**EXERCISE DIRECTIONS:** Scan the records below for the line with "a kitchen with" and the line with "Community entrance sign", and retype that range exactly, both ends included, pictures excepted.

**PROVIDED RECORDS:**

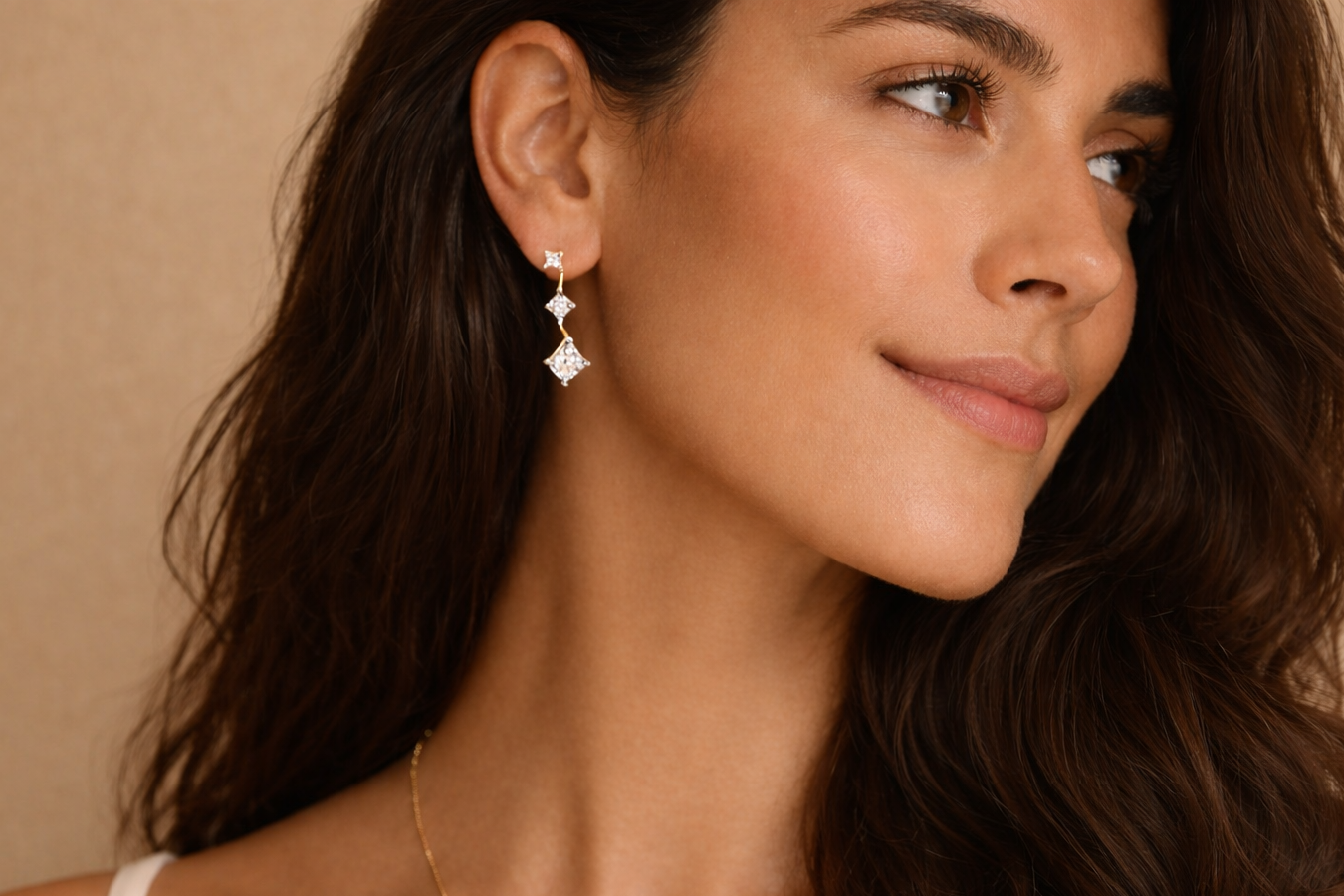 Close-up of a woman wearing a diamond earring with a beige background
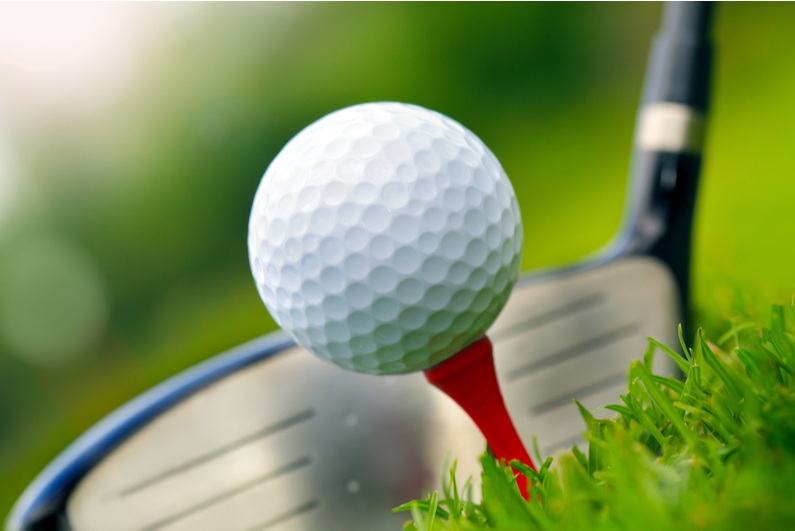 closeup of golf club head next to ball on tee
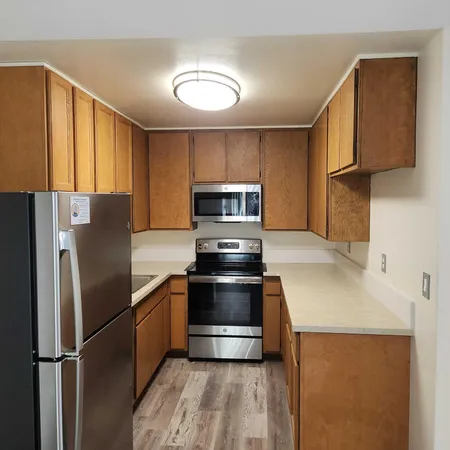 a kitchen with stainless steel appliances granite countertop a refrigerator a stove and a sink with wooden floors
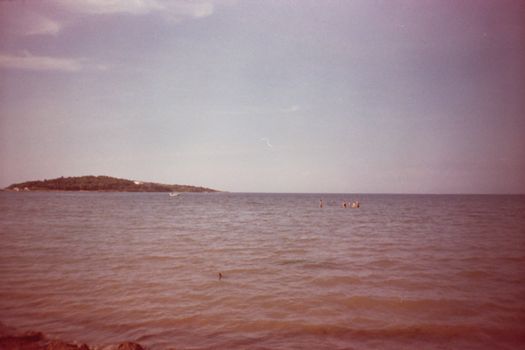 A serene vintage beach scene with people in the ocean under a clear sky.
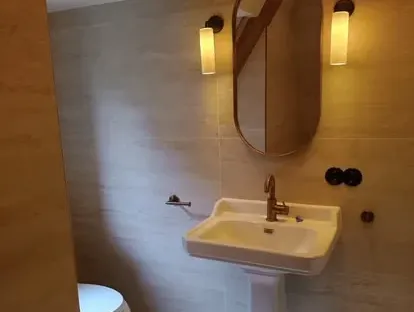 Badkamerrenovatie met zorgvuldig afgestemd sanitair, tegelwerk en verlichting.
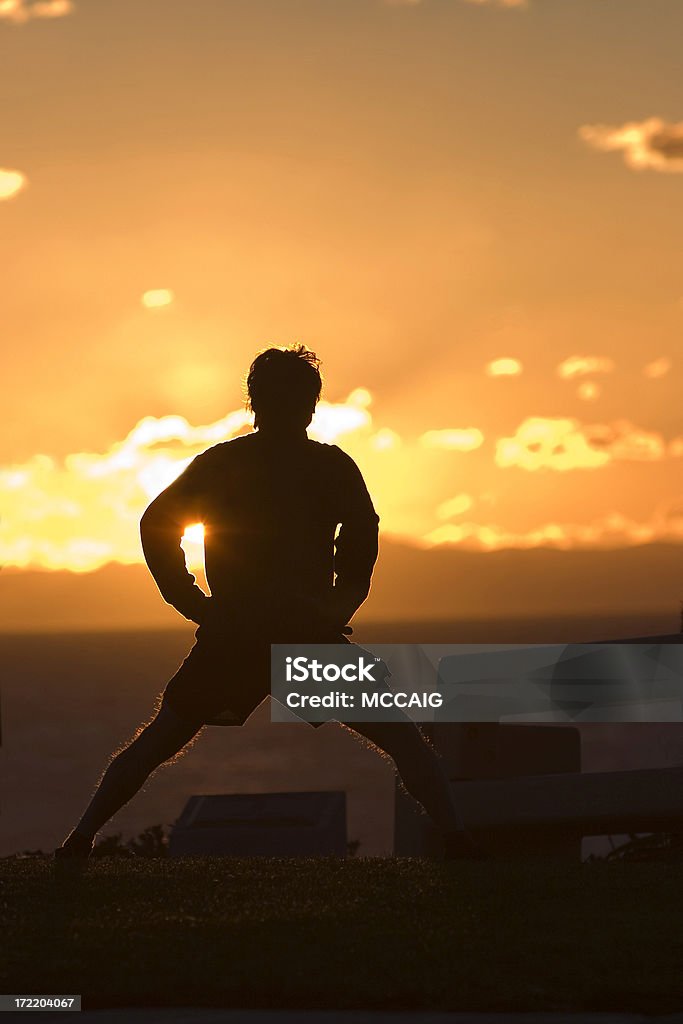 SUNSET STRETCH A man enjoys an ocean sunset while stretching. Active Lifestyle Stock Photo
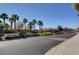 Community entrance sign with lush landscaping, providing a welcoming and upscale impression at 8768 Tom Noon Ave # 101, Las Vegas, NV 89178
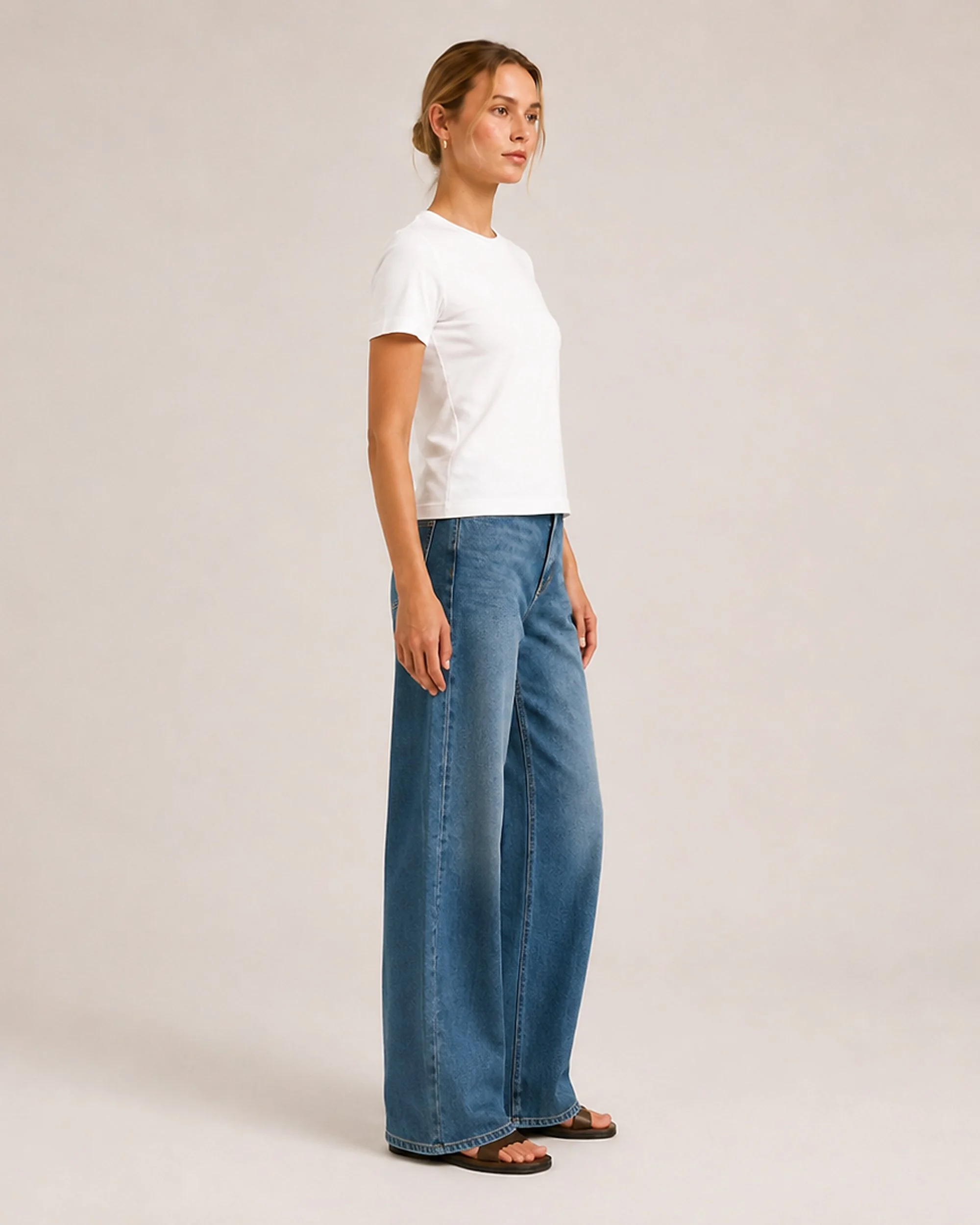 Side view of The Flax Studio white mercerised cotton T-shirt, showing its short sleeves and regular fit.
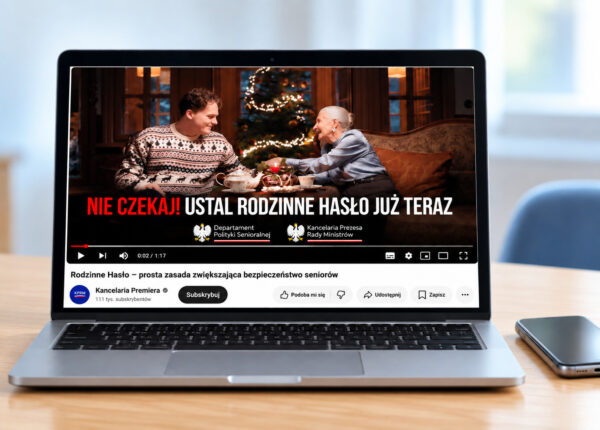 Laptop na jasnym biurku z otwartym filmem napisem Rodzinne Hasło. Obok leży smartfon.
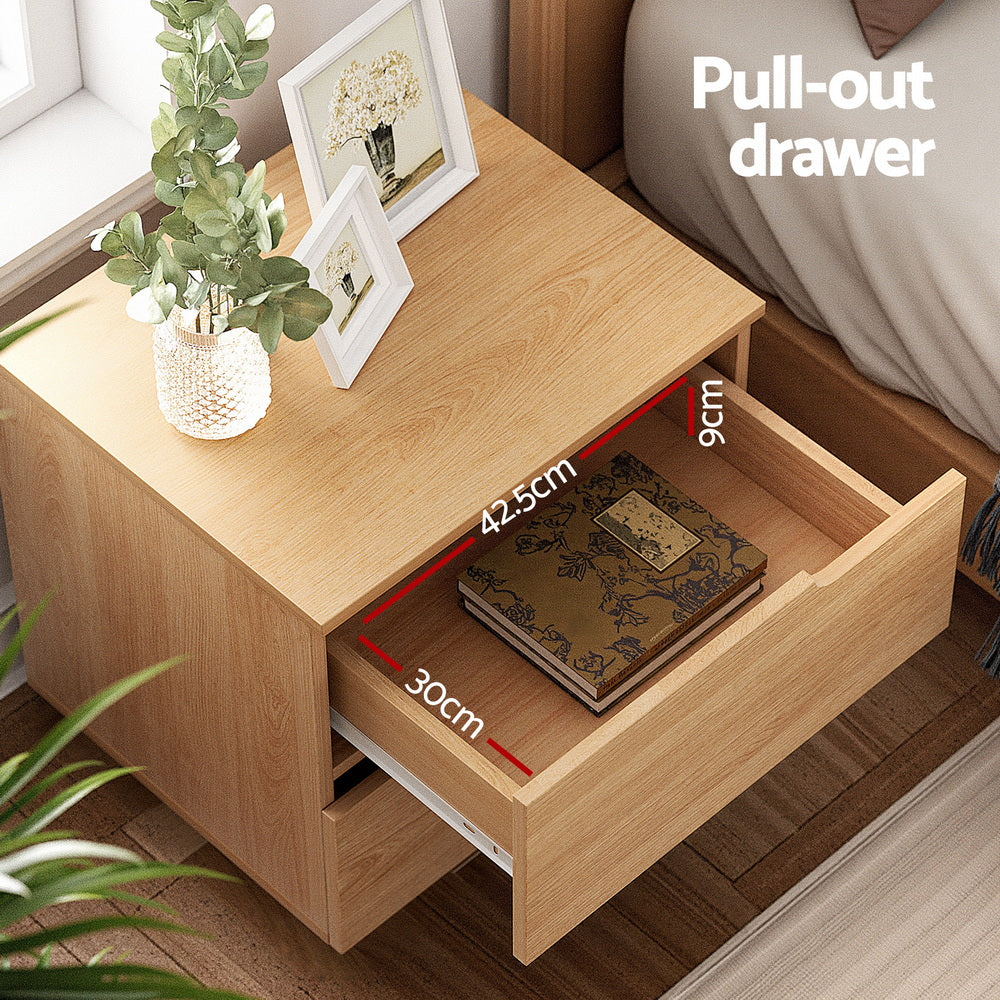 Bedside Table 2 Drawers Nightstand Pine with open pull-out drawer showing wood grain surface and framed photos on top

**ANSWER SPACE:**
 a kitchen with stainless steel appliances granite countertop a refrigerator a stove and a sink with wooden floors
 A serene vintage beach scene with people in the ocean under a clear sky.
 Badkamerrenovatie met zorgvuldig afgestemd sanitair, tegelwerk en verlichting.
 SUNSET STRETCH A man enjoys an ocean sunset while stretching. Active Lifestyle Stock Photo
 Community entrance sign with lush landscaping, providing a welcoming and upscale impression at 8768 Tom Noon Ave # 101, Las Vegas, NV 89178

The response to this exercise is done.